Although many Americans think they are financially savvy, new data shows how the group closest to retirement, baby boomers, struggles with retirement fundamentals and is not saving enough for their golden years. New data released by the Indexed Annuity Leadership Council shows that many baby boomers aren’t financially prepared for retirement – they have little saved, are consumed about lifetime income options, and don’t know how much money they need to live comfortably.
- 60% of baby boomers think they need less than $1 million in retirement, when in reality at least a quarter of a million will be needed for health care costs alone
- 1 in 4 boomers have less than $5,000 saved for retirement
- Nearly half of boomers don’t know that there are financial products that deliver lifetime income
- 2 out of 5 boomers think they will get more money from Social Security than the average monthly payment
Many baby boomers are banking on Social Security as a main stream of money for retirement. Yet, more than half of boomers cannot correctly guess the average monthly Social Security payment. In fact, many think the average monthly payment is $500 more than it actually is – a budget miscalculation that will leave them almost a quarter of a million dollars short over a 30-year retirement.
Social Security isn’t the only consistent paycheck available in retirement; Fixed Indexed Annuities (FIAs) can provide a steady, guaranteed lifetime income stream with minimum guaranteed interest credits. FIAs can serve as part of a balanced financial plan because they do not directly participate in any stock or equity investments and protect your principal from fluctuations in the market.

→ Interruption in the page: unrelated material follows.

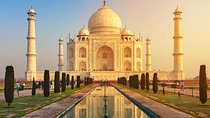 Taj mahal day tour by car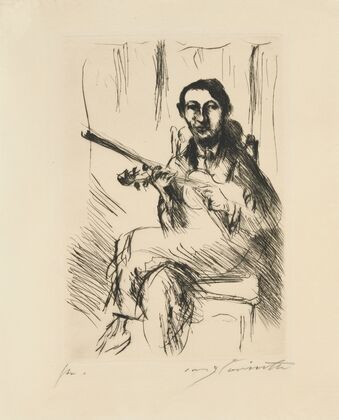Bildnis Andreas Weissgaerber (Erste Fassung) (1919)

Budgeting troubles continue when boomers are asked what they would do with a large cash gift as retirement doesn’t come to mind for many.
- 40% of boomers prioritize lifestyle purchases over retirement savings
- 52% of boomers have debt to pay down before saving for retirement
“Struggling to estimate how much money will be needed during retirement or sifting through different financial products can feel like a big hurdle, especially for those close to retirement,” says Jim Poolman, executive director of the IALC. “The good news is it’s fairly easy to increase your retirement IQ. Start with the basics of estimating retirement costs and getting a balanced portfolio in place.”
Ensuring your savings can fulfill your retirement expectations starts with calculating how much you’ll need for the entire length of retirement. You’ll need to take into account your lifestyle budget, Social Security benefits available to you and any lifetime income streams. Once you know how much you’ll need, you can evaluate your current savings plan and how the products in your portfolio are helping you achieve your retirement goals.
How will you pay for retirement? Find out how much you will need with IALC’s retirement calculators.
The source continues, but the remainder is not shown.